Deforum Music Visualizer utilizes the Spotify API which requires certain user tokens. These tokens are then stored as secrets in the Google Colab notebook to ensure user privacy. To obtain and add the tokens follow these steps:

  1. Get Client ID and Client Secret:

    • Follow the steps provided here to obtain the spotify client id and spotify client secret.

  2. Add the tokens as google colab secrets

    • Open the google colab notebook and click on 'Secrets'->'Add new secret' options on the top left.

    • Create two secrets with the name 'SPOTIPY_CLIENT_ID' and 'SPOTIPY_CLIENT_SECRET' where you should copy the spotify tokens.

    • This will ensure the privacy of the spotify tokens while running the notebook.

Colab Secrets

Running the Google Colab notebook#

The Google Colab notebook is divided in 3 different sections:

  • Setup: Sets up the environment for running the model, mounts the users google drive and downloads the required Stable Diffusion models.

  • Settings: Loads the default or user specified Stable Diffusion model settings. It is recommended for the user to take look into Stable Diffusion Deforum Settings in order to fully utilize this section.

  • Interface: Launches an independent user interface to accommodate the music visualization process.

Gradio User Interface#

The Gradio interface follows a simple and easy-to-use top-down format:

  1. Provide the spotify-url of the track you want to create visuals for.

    • While not required, it is recommended that the user also uploads an audio file of the track to ensure optimal synchronization.

    • If an audio file is not provided, spotify_dl is used to download the track, but this method may result in lower quality audio, live versions of tracks, unsynchronized visuals, or even the wrong audio track.

  2. Press the Produce Prompts button.

    • This triggers the process of retrieving track information (album cover, duration) and producing default prompts for the visualization.

  3. Final choices.

    • It is recommended for the user to take time to carefully enhance the default prompts. The prompts will be recycled through the different sections of the song. Any blank prompts will be emmited.

    • Choose the duration of the song you want to visualize. Remember, you can always come back and resume previous visualizations.

    • Choose the fps rate of the output visual. Higher fps rate produces smoother output but takes longer to produce.

    • Optional: Choose to resume previous visual. Tick the resume box and provide the timestring identifier of the frames you want to resume on, i.e. '20240524113018'. This timestring can be viewed in 'AI/StableDiffusion/${YYYY-MM}/${Song_name}', in the name of the frame. It is important to keep the same fps rate when resuming previous visualizations.

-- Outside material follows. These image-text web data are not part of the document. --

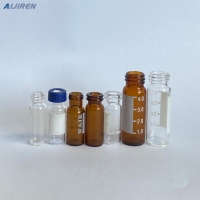 2ml 4ml HPLC Autosampler vial and closure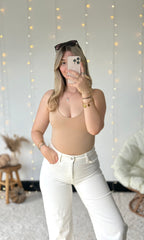 Body dos nu beige MIRA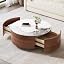 Walnut| Round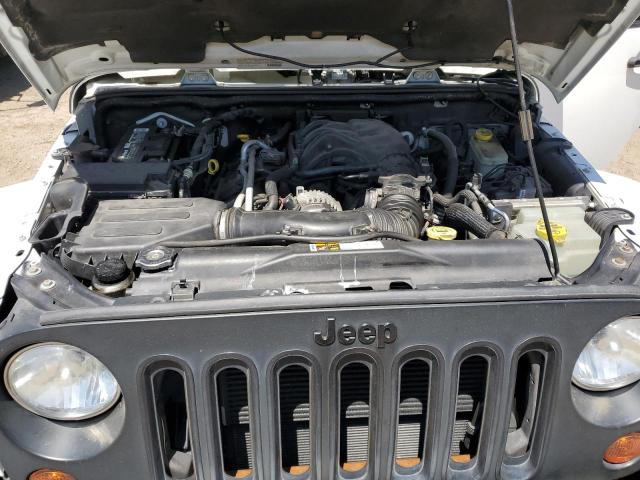 Photo 10 VIN: 1C4BJWEG4DL666426 - JEEP WRANGLER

  4. Press the Visualize button.

    • This triggers the visualization process which can take a considerable amount of time. Sit back, drink a cup of coffee and occasionally monitor that everything is running smoothly.

    • If the gradio cell is run in debug mode you can see the frames produced and the progress in the colab notebook.

    • Remember, if the runtime gets disconnected or something breaks you can always come back and resume a previous visualization.